◆ Work request
The lines to be extracted run from the start of the listing through the line containing "Horse Color:Bay Sabino"; copy them exactly and nothing else.

◆ Exercise inputs
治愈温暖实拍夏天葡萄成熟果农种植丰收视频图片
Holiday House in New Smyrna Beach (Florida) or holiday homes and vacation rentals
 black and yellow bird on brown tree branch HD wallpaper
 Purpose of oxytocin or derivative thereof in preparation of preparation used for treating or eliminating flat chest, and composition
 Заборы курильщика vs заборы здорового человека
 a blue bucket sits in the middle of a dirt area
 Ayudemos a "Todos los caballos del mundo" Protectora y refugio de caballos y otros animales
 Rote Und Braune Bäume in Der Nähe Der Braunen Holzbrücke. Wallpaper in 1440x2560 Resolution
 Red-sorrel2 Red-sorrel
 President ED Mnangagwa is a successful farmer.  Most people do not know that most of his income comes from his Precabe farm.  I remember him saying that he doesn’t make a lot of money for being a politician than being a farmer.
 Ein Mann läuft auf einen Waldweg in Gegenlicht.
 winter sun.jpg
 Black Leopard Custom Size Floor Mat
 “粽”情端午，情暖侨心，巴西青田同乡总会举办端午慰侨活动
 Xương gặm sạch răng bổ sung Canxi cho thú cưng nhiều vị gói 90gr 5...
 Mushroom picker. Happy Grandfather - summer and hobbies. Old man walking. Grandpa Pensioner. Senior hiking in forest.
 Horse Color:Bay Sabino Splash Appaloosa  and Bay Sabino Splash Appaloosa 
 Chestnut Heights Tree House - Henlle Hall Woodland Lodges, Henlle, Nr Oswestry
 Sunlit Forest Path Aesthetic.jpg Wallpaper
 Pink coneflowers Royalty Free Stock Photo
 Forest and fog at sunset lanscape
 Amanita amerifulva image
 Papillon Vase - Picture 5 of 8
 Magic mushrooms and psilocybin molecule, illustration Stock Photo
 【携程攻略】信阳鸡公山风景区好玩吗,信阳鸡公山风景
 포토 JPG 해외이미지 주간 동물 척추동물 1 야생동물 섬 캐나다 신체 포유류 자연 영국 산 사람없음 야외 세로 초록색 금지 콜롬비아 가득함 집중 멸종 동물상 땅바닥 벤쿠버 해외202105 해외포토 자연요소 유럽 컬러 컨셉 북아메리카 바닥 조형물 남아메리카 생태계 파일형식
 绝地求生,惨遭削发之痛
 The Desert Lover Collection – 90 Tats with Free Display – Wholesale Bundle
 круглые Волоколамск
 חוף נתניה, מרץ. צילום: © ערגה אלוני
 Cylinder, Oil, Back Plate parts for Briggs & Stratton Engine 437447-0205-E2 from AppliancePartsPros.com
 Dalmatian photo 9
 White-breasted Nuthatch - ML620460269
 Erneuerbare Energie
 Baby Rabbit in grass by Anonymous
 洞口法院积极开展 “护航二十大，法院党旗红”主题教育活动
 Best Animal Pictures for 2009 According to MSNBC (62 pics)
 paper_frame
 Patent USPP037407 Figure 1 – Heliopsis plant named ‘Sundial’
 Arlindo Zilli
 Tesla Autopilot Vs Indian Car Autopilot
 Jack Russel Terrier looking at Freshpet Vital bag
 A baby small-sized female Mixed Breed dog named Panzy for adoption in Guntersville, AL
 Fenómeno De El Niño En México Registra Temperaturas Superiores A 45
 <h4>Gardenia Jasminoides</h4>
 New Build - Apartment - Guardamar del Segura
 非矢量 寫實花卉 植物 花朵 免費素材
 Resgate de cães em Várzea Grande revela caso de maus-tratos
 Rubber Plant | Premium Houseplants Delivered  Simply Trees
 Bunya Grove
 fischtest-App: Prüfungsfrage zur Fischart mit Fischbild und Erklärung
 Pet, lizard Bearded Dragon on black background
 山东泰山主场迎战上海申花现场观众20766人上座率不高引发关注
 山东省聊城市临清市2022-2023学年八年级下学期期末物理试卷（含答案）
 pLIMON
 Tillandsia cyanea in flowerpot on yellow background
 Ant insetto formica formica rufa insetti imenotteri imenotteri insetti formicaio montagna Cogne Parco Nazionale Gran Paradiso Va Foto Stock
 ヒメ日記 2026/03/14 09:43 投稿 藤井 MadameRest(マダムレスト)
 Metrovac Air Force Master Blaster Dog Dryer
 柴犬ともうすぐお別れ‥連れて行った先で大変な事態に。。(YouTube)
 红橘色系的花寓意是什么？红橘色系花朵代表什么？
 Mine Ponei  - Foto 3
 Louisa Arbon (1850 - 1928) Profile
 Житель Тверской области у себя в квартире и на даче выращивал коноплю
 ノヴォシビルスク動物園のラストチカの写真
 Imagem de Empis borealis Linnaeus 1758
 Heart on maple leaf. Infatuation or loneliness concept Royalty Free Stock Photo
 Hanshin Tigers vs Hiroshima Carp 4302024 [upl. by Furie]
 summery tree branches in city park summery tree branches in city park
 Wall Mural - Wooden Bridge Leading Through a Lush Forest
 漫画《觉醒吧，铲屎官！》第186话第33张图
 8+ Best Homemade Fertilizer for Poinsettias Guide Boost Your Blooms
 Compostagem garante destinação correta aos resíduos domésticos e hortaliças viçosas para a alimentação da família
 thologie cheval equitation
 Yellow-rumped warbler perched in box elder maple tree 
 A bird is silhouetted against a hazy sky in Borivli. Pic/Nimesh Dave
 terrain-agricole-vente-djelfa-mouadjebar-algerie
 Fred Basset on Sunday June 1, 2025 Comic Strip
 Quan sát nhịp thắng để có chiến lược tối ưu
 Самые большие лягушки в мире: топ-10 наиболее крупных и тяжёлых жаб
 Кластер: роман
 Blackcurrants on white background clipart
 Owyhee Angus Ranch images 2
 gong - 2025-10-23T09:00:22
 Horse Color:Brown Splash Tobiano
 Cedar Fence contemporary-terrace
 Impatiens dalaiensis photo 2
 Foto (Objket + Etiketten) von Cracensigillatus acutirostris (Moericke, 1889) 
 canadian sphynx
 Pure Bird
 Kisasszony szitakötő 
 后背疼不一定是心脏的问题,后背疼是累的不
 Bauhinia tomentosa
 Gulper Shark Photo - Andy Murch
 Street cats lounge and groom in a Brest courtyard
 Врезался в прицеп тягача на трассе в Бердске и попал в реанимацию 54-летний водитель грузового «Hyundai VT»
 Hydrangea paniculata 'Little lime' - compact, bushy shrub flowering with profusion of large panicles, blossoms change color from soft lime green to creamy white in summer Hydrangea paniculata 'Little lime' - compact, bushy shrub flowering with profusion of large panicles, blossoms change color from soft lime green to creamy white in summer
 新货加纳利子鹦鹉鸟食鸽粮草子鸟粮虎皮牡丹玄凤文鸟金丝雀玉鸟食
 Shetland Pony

◆ Reply
治愈温暖实拍夏天葡萄成熟果农种植丰收视频图片
Holiday House in New Smyrna Beach (Florida) or holiday homes and vacation rentals
 black and yellow bird on brown tree branch HD wallpaper
 Purpose of oxytocin or derivative thereof in preparation of preparation used for treating or eliminating flat chest, and composition
 Заборы курильщика vs заборы здорового человека
 a blue bucket sits in the middle of a dirt area
 Ayudemos a "Todos los caballos del mundo" Protectora y refugio de caballos y otros animales
 Rote Und Braune Bäume in Der Nähe Der Braunen Holzbrücke. Wallpaper in 1440x2560 Resolution
 Red-sorrel2 Red-sorrel
 President ED Mnangagwa is a successful farmer.  Most people do not know that most of his income comes from his Precabe farm.  I remember him saying that he doesn’t make a lot of money for being a politician than being a farmer.
 Ein Mann läuft auf einen Waldweg in Gegenlicht.
 winter sun.jpg
 Black Leopard Custom Size Floor Mat
 “粽”情端午，情暖侨心，巴西青田同乡总会举办端午慰侨活动
 Xương gặm sạch răng bổ sung Canxi cho thú cưng nhiều vị gói 90gr 5...
 Mushroom picker. Happy Grandfather - summer and hobbies. Old man walking. Grandpa Pensioner. Senior hiking in forest.
 Horse Color:Bay Sabino Splash Appaloosa  and Bay Sabino Splash Appaloosa 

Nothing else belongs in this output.